Most of you are aware that metal connectors are often used to hold things together in a house, much more than in the good old days. The most common one that most people can see in relatively new basements, even decks, is the joist hanger you see in the second photo. Rather than having to sit the joist on a ledge and toenail it to keep it in place, we can now actually hang the joist on the side of a beam, saving lots of vertical space, and that saves money.
More connectors than you imagined
The reality is that there are hundreds of different speciality "connectors", something for just about any imaginable need. Stop and browse a bit the next time you are at the renovation centre. You may discover a piece of hardware that could help in your next job -- and there are many more special ordered for specific construction tasks.

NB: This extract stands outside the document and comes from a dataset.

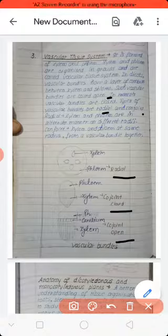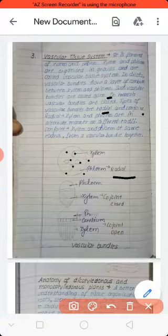Types of vascular bundles: radial and conjoint. Conjoint has two conditions — conjoint closed and conjoint open. Radial is called the spherical condition. In radial arrangement, xylem and phloem alternate with each other — first xylem, then phloem, then xylem again. This is radial arrangement.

Of special interest to people building decks are the adjustable beam holders, that can actually be screwed up and down. One tip if you are going to sink hardware into concrete pillars and then attach beams to the top, it is almost impossible to line them up by eye. The best thing to do is to attach the beam to the hardware and temporarily brace it into place with the connector floating over the empty Sono tube. Then pour the concrete. That will have every connector in exactly the right place and perfectly in line for the beam, because the beam is already attached.When the concrete is set, remove the temporary bracing. Follow this link for manipulating a connector to help connect a twisted vertical beam to the deck.
Nails must fill the hole
One other tip is that the when a nail or screw goes through the holes in these connectors, it must completely fill the hole to give the planned strength. Simpson even makes special short fat nails designed specifically for some of these connectors. Other ones are designed to have the nails enter at a specific angle for maximum strength, as with the joist hangers. Check the instructions at the renovation centre before banging away with just any nails.